Nos inclimamos por la última opción, entendiendo que el mismo Pacto, en la Parte IV, artículo 25, dice claramente que "Ninguna
disposición del presente Pacto debe interpretarse en menoscabo del
derecho inherente de todos los pueblos a disfrutar y utilizar plena y
libremente sus riquezas y recursos naturales."

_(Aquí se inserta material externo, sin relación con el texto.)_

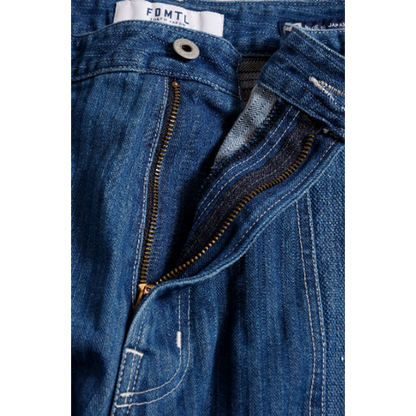 FDMTLFA26PN12U PATCHWORK DOUBLE KNEE PANTS 3YR WASH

Poniendo por sobre las disposiciones de este tratado el concepto de soberanía del Estado para
legislar dentro de su propio territorio sobre cualquier tema, no caben
dudas que la sanción de la norma analizada tiene como propósito
garantizar los derechos económicos de sus ciudadanos.
Y aunque el
mismo artículo 2 del Pacto, en su apartado 2, obliga al Estado argentino
en calidad de parte a evitar discriminaciones en el compromiso de
garantizar el ejercicio de los derechos allí consagrados (22), será el
apartado 3 del artículo 2 del Pacto el que oficiará de fundamento de la
constitucionalidad de la Ley 26.737.
Nuestro país, por su
condición de nación en vías de desarrollo, debe legislar en pos de su
independencia económica y del bienestar general de sus habitantes, por
lo que cualquier medida adoptada en esa dirección, es absolutamente
legítima y constitucional.
La preservación de los recursos
naturales estratégicos y no renovables en manos de ciudadanos nacionales
constituye una política de reaseguro para los fines propuestos, en un
contexto de saqueo global y concentración salvaje de los mismos por
parte de firmas extranjeras de países centrales.
Por lo tanto,
podríamos acotar que son perfectamente admisibles las restricciones
impuestas al dominio extranjero sobre la propiedad o posesión de tierras
rurales.
Si optáramos por hacer un juego armónico de las
disposiciones de los tratados internacionales sobre derechos humanos con
jerarquía constitucional, que aquí analizamos, y la propia Constitución
Nacional, tal vez la cuestión siga siendo controvertida y su suerte
dependa del criterio interpretativo del juez.
En ambos casos
existen en los tratados y en la Constitución Nacional suficientes
fundamentos para dar entidad a cualquiera de las posiciones en juego,
solo resta saber cuál de ellas será prioritaria en la consideración del
juez: la igualdad de derechos entre ciudadanos nacionales y extranjeros o el principio de soberanía del Estado para
legislar atendiendo a las necesidades imperiosas de resguardar sus
recursos estratégicos y asegurar la independencia económica.
Hacer
hincapié en el argumento de la soberanía para refutar a quienes se
empeñan en ser garantistas de los beneficios del capital extranjero a
expensas de la independencia económica de la Nación, nos parece de vital
importancia.
La seguridad nacional es una cuestión de
supervivencia que debe comprometer a todos los poderes del Estado,
especialmente en la función interpretativa del orden constitucional que
llevan adelante los jueces.
El escenario de globalización
predatoria y consumismo desenfrenado que impulsa al capitalismo
concentrado a fomentar guerras y masacres con el apoyo de una formidable
estructura mediática no es una cuestión menor en el análisis. (23)
La
filosofía de nuestra Constitución Nacional, cuyos pilares datan de
1.853 y en muchos casos resultan inadecuados y obsoletos para este siglo
(24), es condescendiente con una práctica riesgosa que amenaza la
independencia económica del país así como su soberanía territorial y
alimentaria.
Interpretar los principios y garantías
constitucionales de la manera más conveniente a los intereses nacionales
y de acuerdo a la evolución de los tiempos es una obligación ineludible
de los jueces, cuya función no siempre es ejercida con lealtad y
patriotismo.
La magistratura judicial esconde a veces una sumisión
absoluta a la ideología liberal del capitalismo transnacional, y se
asemeja a un sistema de arbitraje que custioda el statu quo con fallos que vulneran los legítimos intereses de la Nación, prescindiendo de la noción de justicia.